Two stories in the news today that are worth contrasting.

First from (as General John Cabot Trail would say) The Comical Herald:
Canada’s information watchdog says the public knows less than ever about what its government is doing — a stark contrast to Barak Obama’s push for openness in the United States.

Information Commissioner Robert Marleau said Thursday the grip on federal files is tightening, largely because of the Conservative government’s "communications stranglehold" on the bureaucracy.

...

"There’s less information being released by government than ever before. And that’s alarming."
"The government should not keep information confidential merely because public officials might be embarrassed by disclosure, because errors and failures might be revealed, or because of speculative or abstract fears," said his memo to the heads of departments and agencies.
...

The Conservatives took office in early 2006 partly on the strength of promises of new accountability, including reforms to Canada’s outdated Access to Information regime advocated by Marleau’s predecessor.

Prime Minister Stephen Harper made good on only a handful of changes, including opening the law to some additional agencies. The issue of access reform was handed to a Commons committee for more study.

So we have a definitive statement that the Harper government is obsessively secretive. Very much like the Bush disaster years.

Or maybe this is only when it suits their purposes. From the Grope and Flail (I'll take credit for that one):
The Harper government, which only eight weeks ago still forecast surpluses for Ottawa, has now revealed it will run the deepest shortfalls Canada has seen in more than half a generation: $64-billion over the next two years.

A senior government official, speaking to reporters on the condition of anonymity, also warned that it will take as long as five years for Ottawa to return to balanced budgets.

...

The deliberate leaking of fiscal projections -- just five days before the Jan. 27 budget -- is unprecedented, Finance watchers say. The move reflects the minority Conservative government's desire to get unfavourable coverage out of the way before next week.

“I guess it's that old school of thought that you pre-condition for bad news so it's less of a shock when it comes out,” Toronto Dominion Bank chief economist Don Drummond said.

The Tories are betting that dealing with the deficit news now will ensure that media coverage of next week's stimulus budget instead focuses on its huge package of spending measures, expected to funnel billions of dollars into everything from public works projects to tax breaks.

Not that this should be a surprise to anyone who has been paying attention.
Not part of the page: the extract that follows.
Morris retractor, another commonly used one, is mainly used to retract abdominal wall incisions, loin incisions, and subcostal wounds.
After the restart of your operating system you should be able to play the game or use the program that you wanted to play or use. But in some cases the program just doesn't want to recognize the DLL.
It is all about power and nothing about the people. Again, just like Bush.

I'm all for trying something new. Especially when trying to find one's way out of the forest. Maybe the need for budget secrecy is overblown and this is a tradition that can be done away with. Make the case. I'm all ears.

But the 13 billion (whoops, it has now been updated to $64 billion) things these guys have tried in the past haven't worked so well. They would best serve the country by following the rules right now.
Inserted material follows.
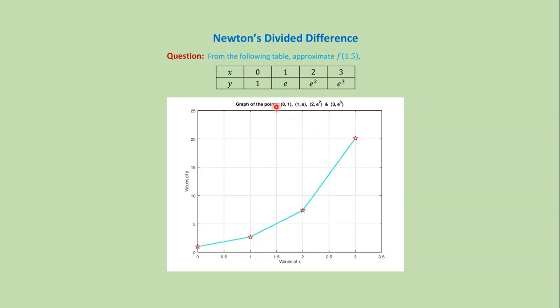Our first one is (0, 1), next one is (1, e), next one is (2, e²), and last one is (3, e³). If we add those points by straight lines,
Along the continuum from success to failure that government actions are measured on, there is every indication that this budget will cluster along the same spot as everything else they have done. Abject failure.

Update: The KD has the goods on further budget badness.Recommend this Post

2 comments:

Skinny Dipper said...

I love cex with a conservative. It's so rigid.

Oop, that should have been "regimented" instead of rigid.

Constant Vigilance said...

Any suggestions on how to clean red wine out of my keyboard? Because I snorted it out my nose after reading that.

You prefer regimented sex to rigid? That in itself is interesting and worthy of a post.